Hawaii has the second-oldest physician population in the country, with nearly one-third of Hawaii’s active physicians 60 years old or older. Many have been in business for years and are at full capacity, said Dr. Christopher Flanders, executive director of the Hawaii Medical Association.
“Physician practices get full and they don’t have the time to see other patients, so they’ve got to close their practices to new patients,” Flanders said. “We haven’t been able to bring in as many new physicians to fill the need.”
Worse for Medicare
Emmanuel Kintu, chief executive officer of the Kalihi-Palama Health Center, said the shortage has worsened over the past few years, and is even more grave for patients covered by Medicare and Medicaid, which pay less than private insurers for the same services, he said.
“Most of the practices will set aside a number for Medicare and a number for Medicaid. They operate like a business and if the reimbursement is not enough for them to take that kind of patient, they’re not going to take that kind of patient,” Kintu said. “That really is the challenge for us.”

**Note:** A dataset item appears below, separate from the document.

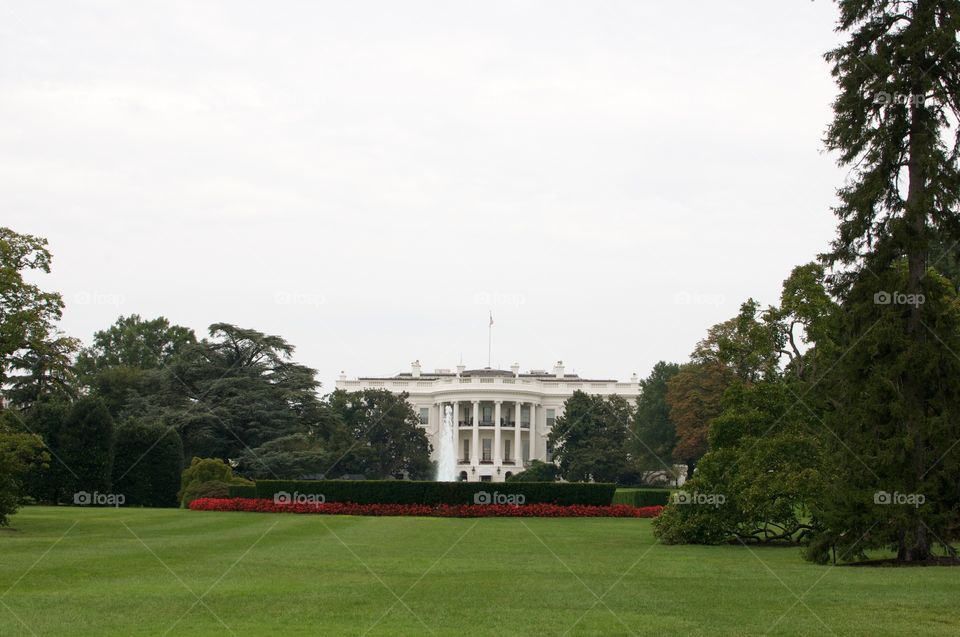 White House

Kailua resident Wendy Jackson, a 61-year-old breast cancer survivor who moved to Hawaii two years ago from Portland, Ore., travels back to Oregon for annual exams from a primary care doctor because she hasn’t been able to find one here.

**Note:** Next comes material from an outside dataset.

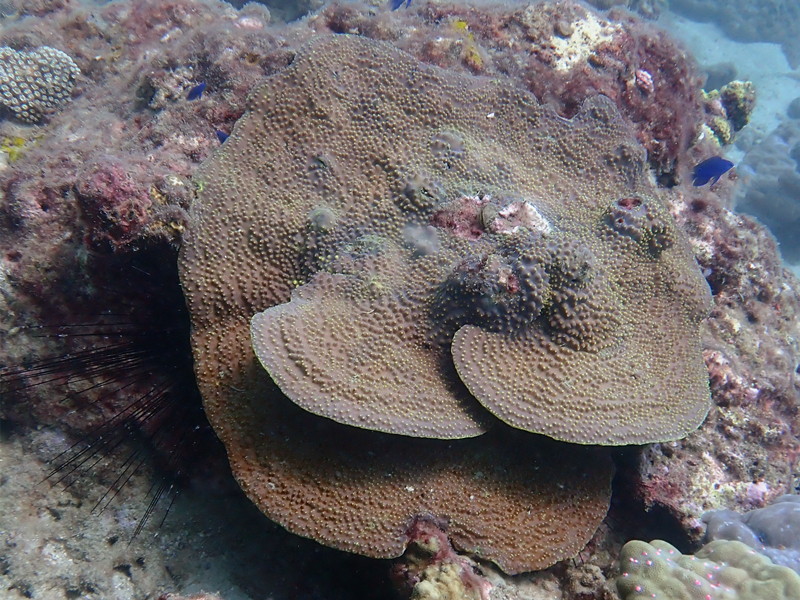 灵芝珊瑚、翼形蔷薇珊瑚、Montipora peltiformis_灵芝鹿角珊瑚_海富瑜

“With my background as a breast cancer survivor, it’s really important (to have a good doctor). My general practitioner in Portland was the quarterback for me — that person is such a key person on your team,” she said. “I’ve wanted to find a great doctor through a referral here. I’ve tried networking. I really came up with zero. Without a doubt, I would say it’s been much more difficult here than it ever was (to find a doctor on the mainland).”